In the Off-Trade channel, which accounts for c.75% of our US sales, Fever-Tree grew its market share of the total mixer category and extended its market leading value share in both the Tonic and Ginger Beer categories, with 27% and 32% value share respectively3. In addition, we continue to contribute more than any other brand to the growth of the Grapefruit and Club Soda categories in the US, and our Margarita and Bloody Mary cocktail mixers have also started to make notable share gains.
Overall, our performance has outpaced all of our competitors, premium or mainstream. Our total Off-Trade sales grew by 15% and we are now over four times larger than our nearest premium competitor at US retail3, driven by our increasing rate-of-sale and distribution gains, with Fever-Tree products now present in almost 35,000 Off-Trade accounts.
The brand is also gaining further traction and presence in the On-Trade, and is now in over 40,000 accounts, an increase of 14% year-on-year, securing new accounts across a range of On-Trade chains, including Courtyard by Marriott, Benihana and Logans Roadhouse. Fever-Tree is also appearing on more menus, and we continue to use this important channel to activate our new products and create more awareness and excitement behind the brand.
Innovation has always been at the heart of the Fever-Tree business and as we have developed our business globally we have become more focused on ensuring we tailor our innovation to local drinking trends and behaviours. This year we have focused on our new cocktail mixer range and have won significant distribution for our Margarita and Bloody Mary cocktail mixers both of which are significant categories in the US. We also launched our Espresso Martini cocktail mixer in Q4, which is one of the fastest growing cocktails across the US market and as a result the launch got a lot of initial traction following an exciting launch event just ahead of the holiday season.

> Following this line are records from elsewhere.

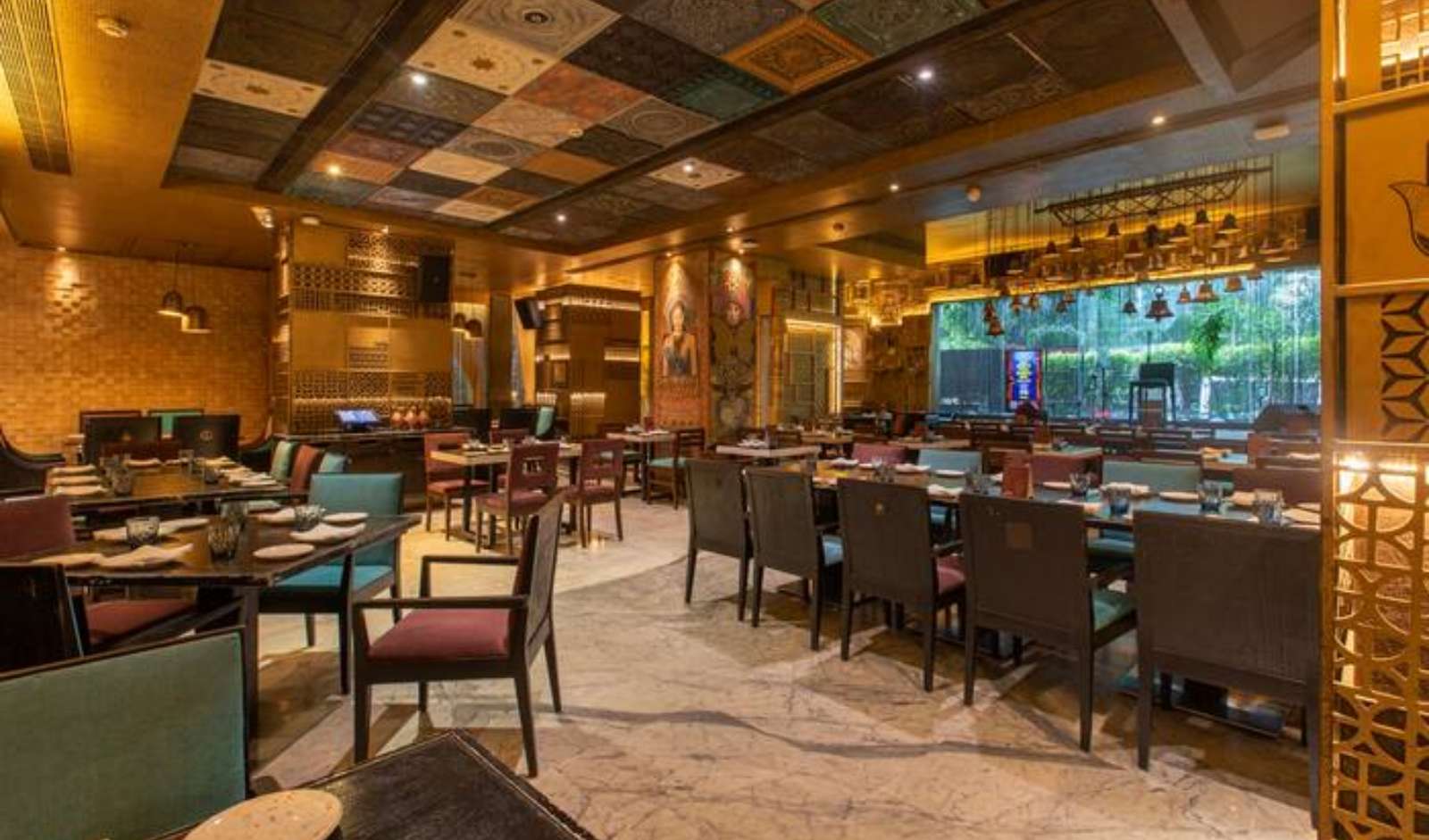 Ramee Group Expands Vegetarian Dining Focus with Tanatan Revamp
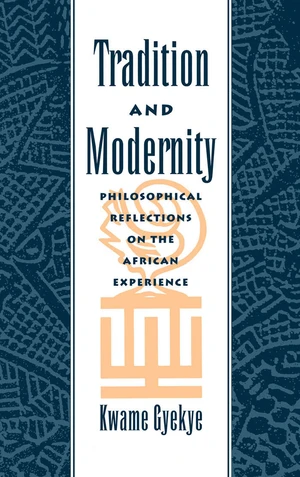 Tradition and Modernity
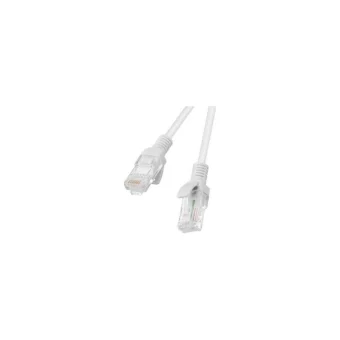 Lanberg U/UTP Cat.5e Καλώδιο Δικτύου Ethernet 5m Γκρι 1τμχ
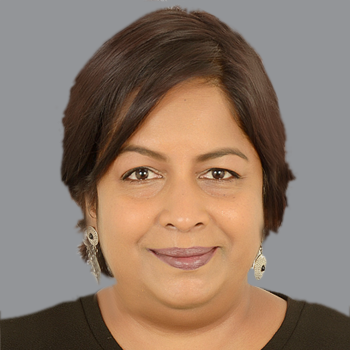 Ms. Manjula Karthikeyan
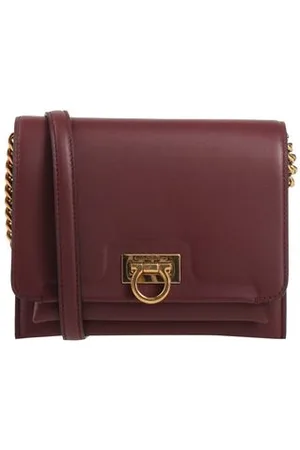 Salvatore Ferragamo BAGS - Cross-body bags - on YOOX.com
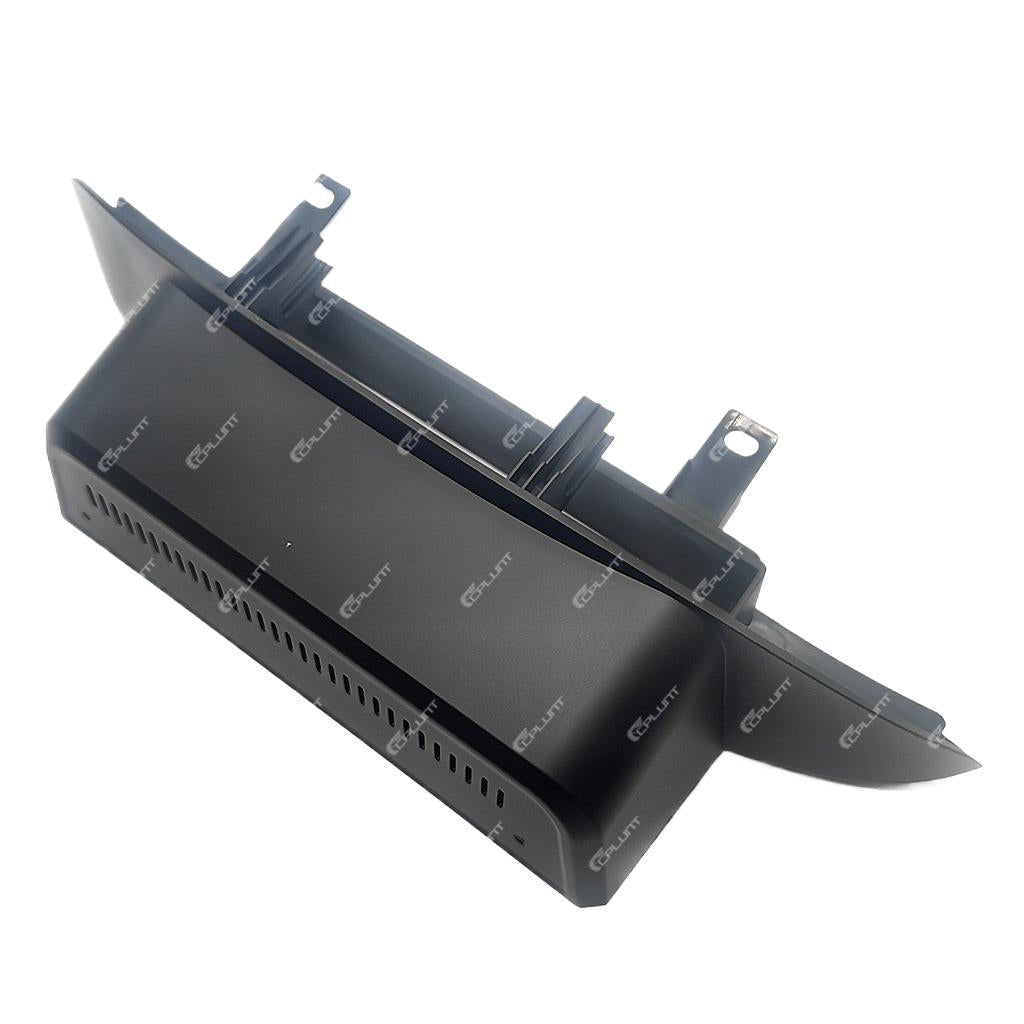 12.3inch suitable for bmw bmw 3 series android screen navigation surface frame versatile frame dvd panel central control restoration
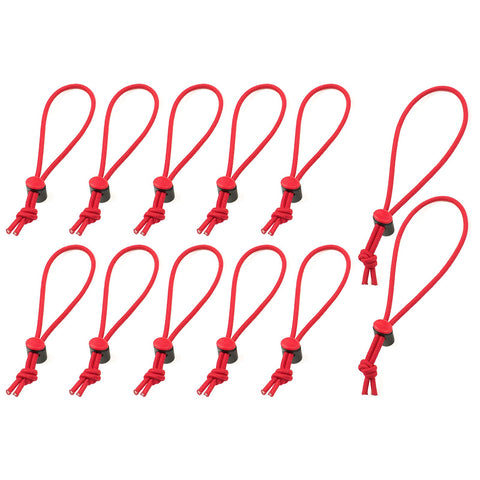 Think Tank - Red Whips V2.0, Pack of 12
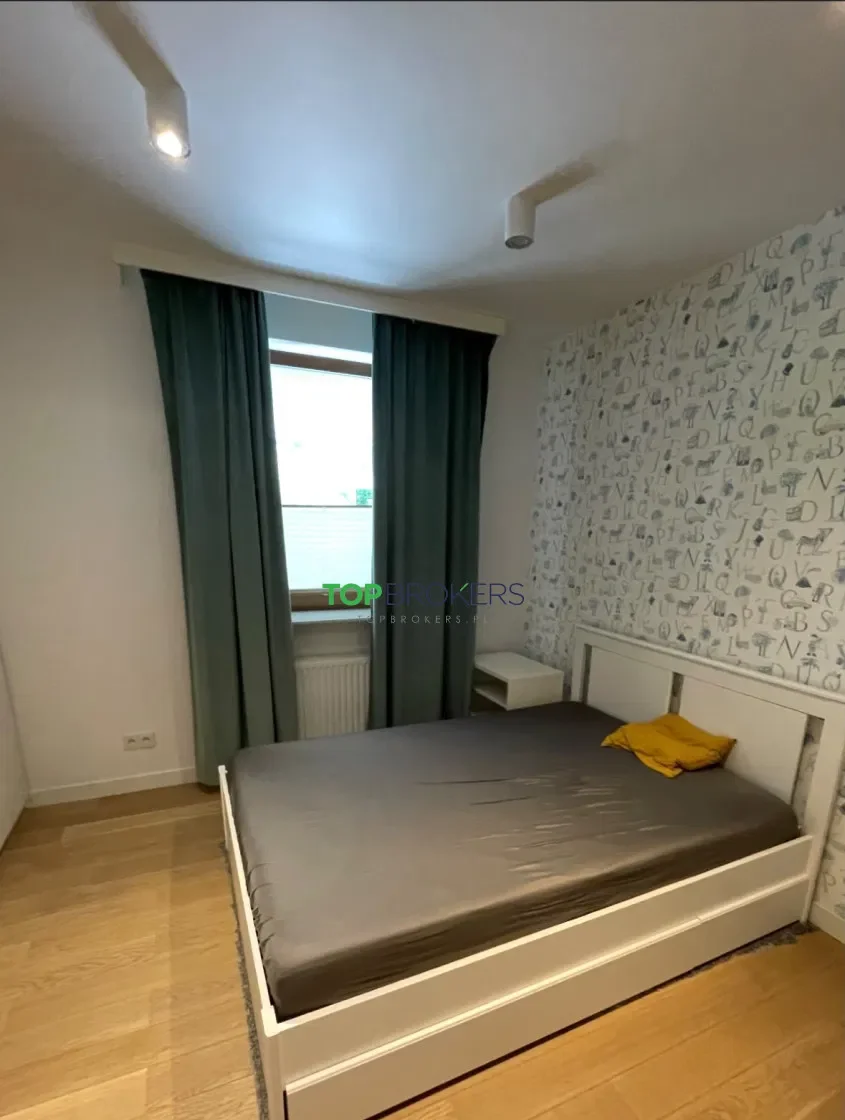 Luksusowe i przestronne 3 pokoje, taras, garaż, Warszawa Mokotów Stegny - zdjęcie 8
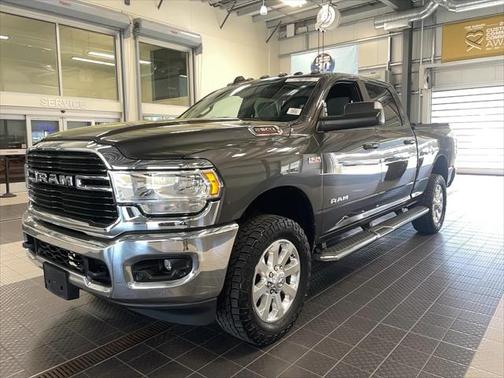2021 RAM 2500 Big Horn Crew Cab 4x4 6'4' Box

By far the most significant strategic step we have taken in the US market was announced just after the period-end: A long-term strategic partnership with Molson Coors for the exclusive sales, distribution and production of the Fever-Tree brand in the US.
This partnership will enable the brand to benefit from the unique scale and muscle of Molson Coors' national network of US distributors and customers across both the On- and Off-Trade. In addition, we will benefit from their very strong and deep customer relationships, merchandising capability and their production and supply chain network, expertise and economies of scale. Crucially, both companies are strongly aligned in their ambition for the Fever-Tree brand, with a shared vision and commitment to driving the opportunity across both alcohol and non-alcohol occasions. This includes the deployment of a substantial incremental marketing fund to provide further firepower for growth.
This is a considerable milestone for the US business. The brand was already in a fantastic position, and we now believe that we have entered a new transformational phase for the brand's development, to drive our core opportunity within the mixer category to the next level, as well as opening up new opportunities for growth in categories such as adult soft drinks and RTDs.
UK I Successful portfolio diversification beyond Tonics
Fever-Tree delivered £111.1m revenue in the UK, a decrease of 3% year-on-year following a period impacted by low consumer sentiment, especially in the On-Trade, as well as a declining Gin category. However, the UK economy started to show signs of improvement towards the end of the year, reflected in a much stronger second half performance for the brand, giving us confidence of returning to growth as we go into 2025.
In the Off-Trade, Fever-Tree continued to outperform a declining mixer category, gaining 0.6 ppts value share across the year, extending our number one value share position, while mainstream brands lost share to own label4. Encouragingly, Fever-Tree gained value share across both Tonics, the most significant part of the mixer category, as well as in mixers outside of Tonics, such as Ginger Ale and Sodas4, with particularly strong growth of our Pink Grapefruit Soda and new Cocktail Mixers.
The On-Trade channel remained impacted by lower discretionary spend, which led to declines in both the spirit and mixer categories during 2024. Although Fever-Tree was not immune to these impacts, the brand remained the mixer of choice for bars, pubs and restaurants across the country by a significant margin, finishing the year with a value share of 1.6 times our nearest competitor[6].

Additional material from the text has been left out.